Pietra d'inciampo a piazza Ledro
Pietra d'inciampo a piazza Ledro

“Un museo del fascismo a Roma? E perché no”. Adachiara Zevi è la custode della memoria. È la donna che, per la Comunità ebraica di Roma, si occupa di posizionare nei quartieri – anche nel nostro – le pietre di inciampo: nome dell’arrestato. Poi deportato. Poi assassinato. Zevi è presidente della associazione “Arte in memoria”. È una guardiana della Shoah, il cui museo attende da venti anni di essere costruito: a Villa Torlonia, nel Trieste-Salario. Quello del fascismo, invece, non vedrà mai la luce. La sindaca Virginia Raggi ha spento sul nascere le polemiche, ha bocciato quella che era stata un’idea proprio pentastellata (!): “Roma è antifascista”, ha chiosato.

Adachiara Zevi

I PERCHÈ DEL SÌ

La domanda è: Zevi cosa ne pensa? Zevi, che tra l’altro è la sorella di Luca, il progettista del museo della Shoah. A (grandissima) sorpresa, Adachiara non solo non chiude all’ipotesi ma sarebbe favorevole. “Un museo del fascismo? Potrebbe essere un’occasione per fare i conti con la storia di quel periodo – dice a RomaH24 – e raccontare cosa sia davvero successo, a patto di affidare il progetto a un’equipe di storici preparati”.
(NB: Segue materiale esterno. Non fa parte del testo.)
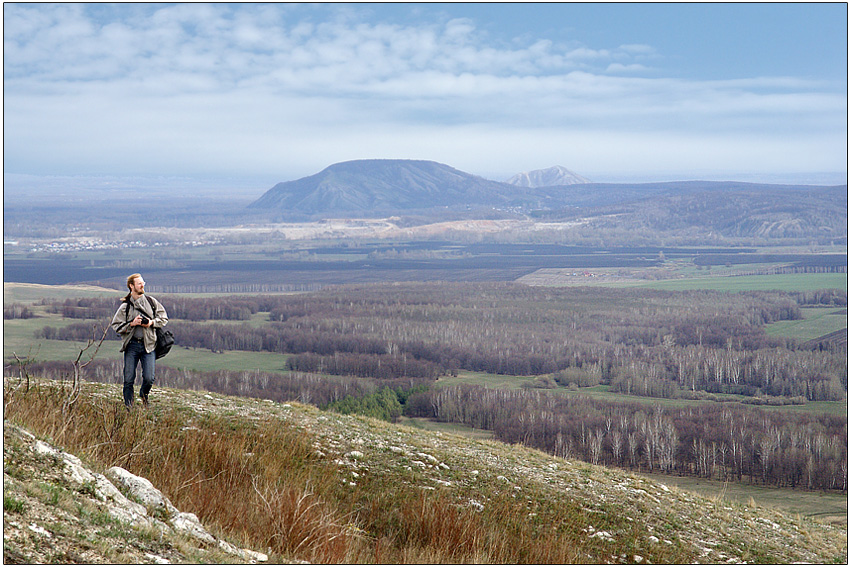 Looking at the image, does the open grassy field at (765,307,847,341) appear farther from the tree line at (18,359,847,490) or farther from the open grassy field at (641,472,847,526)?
the open grassy field at (641,472,847,526)

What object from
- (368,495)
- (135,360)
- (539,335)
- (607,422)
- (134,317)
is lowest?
(607,422)

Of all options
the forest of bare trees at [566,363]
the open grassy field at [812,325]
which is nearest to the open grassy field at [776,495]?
the forest of bare trees at [566,363]

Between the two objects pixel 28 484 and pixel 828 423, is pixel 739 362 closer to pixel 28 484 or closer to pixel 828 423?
pixel 828 423

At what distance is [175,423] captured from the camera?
12.6 meters

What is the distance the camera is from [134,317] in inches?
432

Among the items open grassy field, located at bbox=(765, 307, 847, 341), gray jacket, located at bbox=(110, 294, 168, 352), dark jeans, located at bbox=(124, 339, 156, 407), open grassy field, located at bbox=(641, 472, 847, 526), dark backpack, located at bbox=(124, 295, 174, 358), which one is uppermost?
gray jacket, located at bbox=(110, 294, 168, 352)

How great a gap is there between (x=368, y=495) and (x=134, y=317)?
4864 millimetres

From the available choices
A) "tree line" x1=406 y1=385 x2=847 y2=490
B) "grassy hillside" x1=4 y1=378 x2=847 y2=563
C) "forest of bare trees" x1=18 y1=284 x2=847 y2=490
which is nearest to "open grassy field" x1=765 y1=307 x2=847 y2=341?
"forest of bare trees" x1=18 y1=284 x2=847 y2=490

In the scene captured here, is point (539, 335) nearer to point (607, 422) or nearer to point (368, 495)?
point (607, 422)

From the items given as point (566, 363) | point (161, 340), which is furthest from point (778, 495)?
point (566, 363)

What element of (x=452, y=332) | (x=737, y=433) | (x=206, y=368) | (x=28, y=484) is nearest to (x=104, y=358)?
(x=206, y=368)

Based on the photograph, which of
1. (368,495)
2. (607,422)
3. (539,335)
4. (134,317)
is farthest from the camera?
Answer: (539,335)

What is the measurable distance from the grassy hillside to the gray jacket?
4.06ft

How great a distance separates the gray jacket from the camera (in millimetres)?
10812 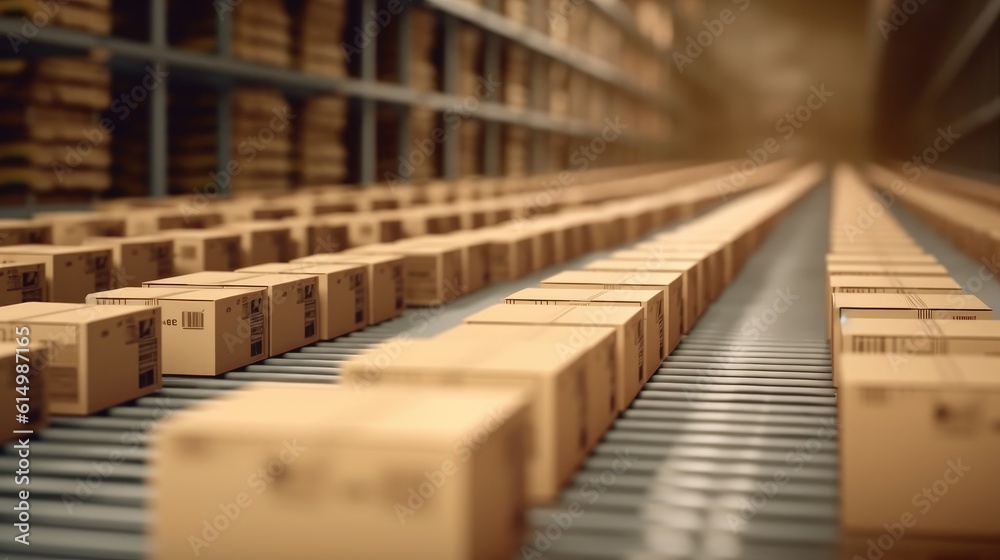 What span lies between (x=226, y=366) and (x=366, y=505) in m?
2.35

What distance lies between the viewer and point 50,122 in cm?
817

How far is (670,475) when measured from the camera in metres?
3.06

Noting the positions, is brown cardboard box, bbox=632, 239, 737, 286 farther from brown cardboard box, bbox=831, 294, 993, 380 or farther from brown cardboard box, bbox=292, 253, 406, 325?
brown cardboard box, bbox=831, 294, 993, 380

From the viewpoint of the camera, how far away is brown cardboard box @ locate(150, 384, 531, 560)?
6.78 feet

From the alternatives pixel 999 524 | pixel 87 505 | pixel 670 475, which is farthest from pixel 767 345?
pixel 87 505

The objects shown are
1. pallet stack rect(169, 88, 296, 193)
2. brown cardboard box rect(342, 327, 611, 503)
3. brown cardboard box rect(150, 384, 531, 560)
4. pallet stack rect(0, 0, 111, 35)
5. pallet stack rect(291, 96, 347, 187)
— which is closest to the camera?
brown cardboard box rect(150, 384, 531, 560)

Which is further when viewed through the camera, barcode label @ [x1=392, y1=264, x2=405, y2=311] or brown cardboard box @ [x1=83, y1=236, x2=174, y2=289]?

L’ESEMPIO CHE VIENE DALLA GERMANIA

Per Zevi, l’esempio è la Germania: “Se il progetto venisse affidato a un’equipe di storici seri e costruito con finalità di insegnamento e di memoria, come quello che sorge a Berlino, e non di celebrazione, perché no?”. Non dimenticare. Quello è lo scopo. Per questo, Adachiara annuncia la posa di ventuno nuove pietre d’inciampo a Roma: “Come ogni anno, l’appuntamento è a gennaio, in diversi punti della Capitale”. In attesa che venga costruito un museo della Shoah, è così – con questi sampietrini dell’Olocausto – che Roma prova a non disperdere il patrimonio della più grande tragedia vissuta dall’umanità.